Life Lines: Ally at the Fabric Workshop and Museum

by Carolyn Merritt

Carolyn Merritt responds to the three performance events included in Ally at the Fabric Workshop and Museum: Rope Dance, The Courtesan and the Crone, and Paper Dance. The exhibit was instigated by visual artist and current FWM artist-in-residence Janine Antoni, in collaboration with dance pioneer Anna Halprin and choreographer Stephen Petronio.

 

“Pay attention (...) Not to the grand gesture, but to the passing breath.”

-Lauren Groff, Arcadia (289)

Riven by lines, Anna Halprin’s face fills the screen, brightens the dark space. Headphones pump her breath, sighs, gasps, silent laughter, and airplanes, birds, and other woodsy background noise into our ears. Seated in a semi-circle before the larger-than-life moving image of this 95-year-old earth mother, we take her in collectively (sight) and individually (sound). Witness to her witnessing, we see her reaction, never what she sees. No mystery, the promotional materials tell us what we don’t see: Janine Antoni and Stephen Petronio’s rope dance on Halprin’s legendary dance deck. The allure lies less in the unknown, the imagining and filling in the blanks, than in the stories in those lines marking Halprin’s face. There is the biography, the particular—the stories, work, the singular life that has been documented. And there is the universal—the multitudes of a single life, the luck of longevity.

I think of the passing breath.

The film cuts, lights rise, and Petronio untangles three white ropes, distributes them through the space. He blindfolds Antoni and guides her toward one. She navigates by inching along its length with her feet, and reaching its end, she feels for another rope with her free foot, then decides against it, retraces her steps backwards. As that alternate path recedes, the route home illuminates—familiar and safe, but seen from a different vantage point, changed for the journey. A choice that feels honest, her retreat resonates even as it fills me with something like sadness.

I think of my son and his small friends shuffling clear across our loft, backwards all the way, just to experience its expanse in a new way.

Petronio joins Antoni, and now they encircle and link themselves inside the looping ropes.

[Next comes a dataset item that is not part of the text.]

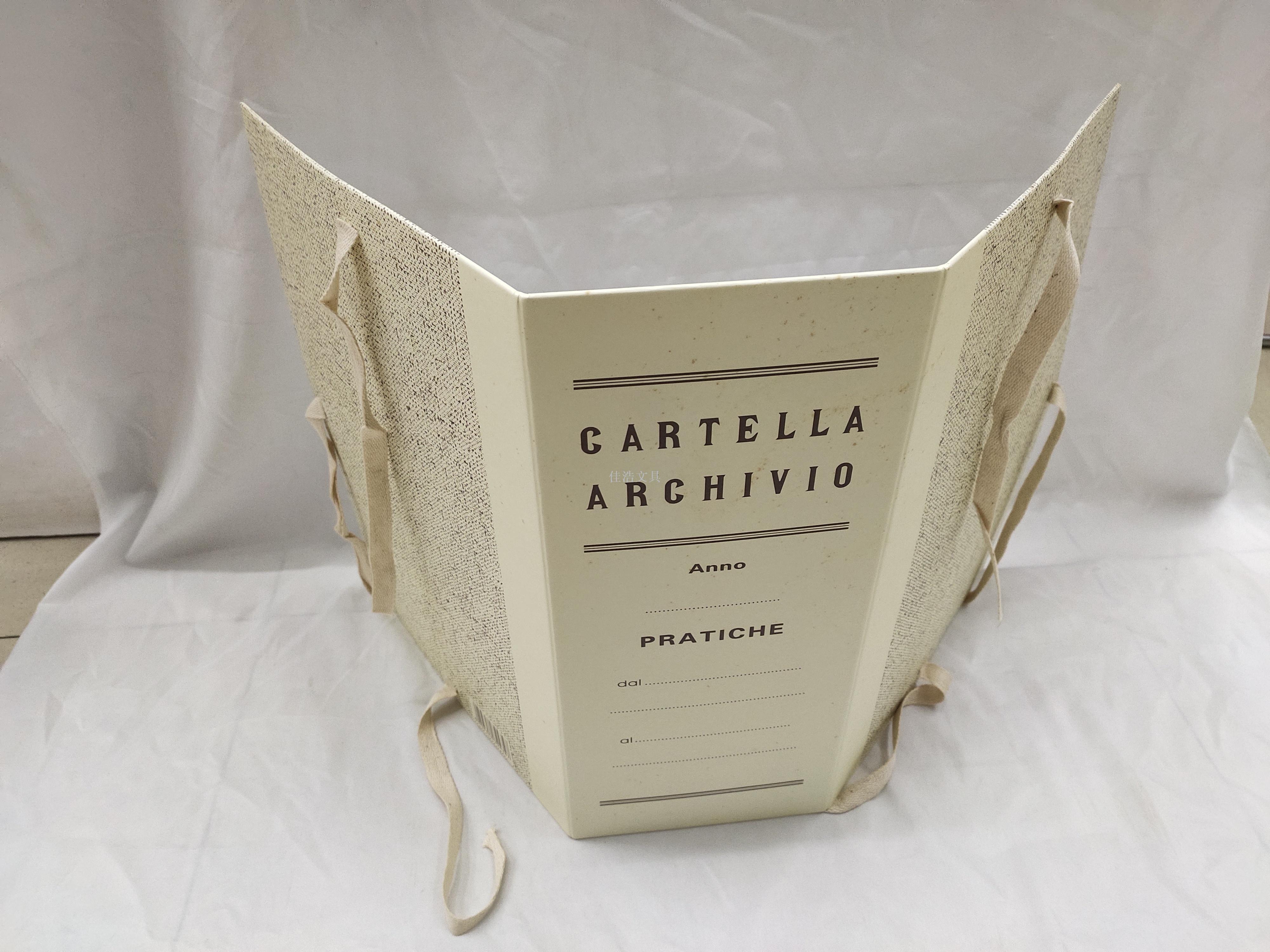 Creative folder A4 environmental folder paper folder report folder customized cotton cord folder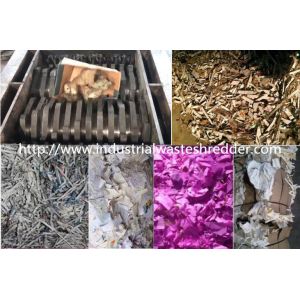 Waste Cardboard Dual Shaft Shredder , Industrial Paper Shredder Machine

One by one, we are invited in, entangled in the ropes, made part of their dance, led by Petronio’s gentle instructions: change levels, close your eyes, fold in, lean away. Until we are the dance. What Halprin witnessed remains beyond reach, but her response is closer. If before we peered around a corner into darkness, now there is light, another door ajar on the other side.

Pay attention, I remind myself.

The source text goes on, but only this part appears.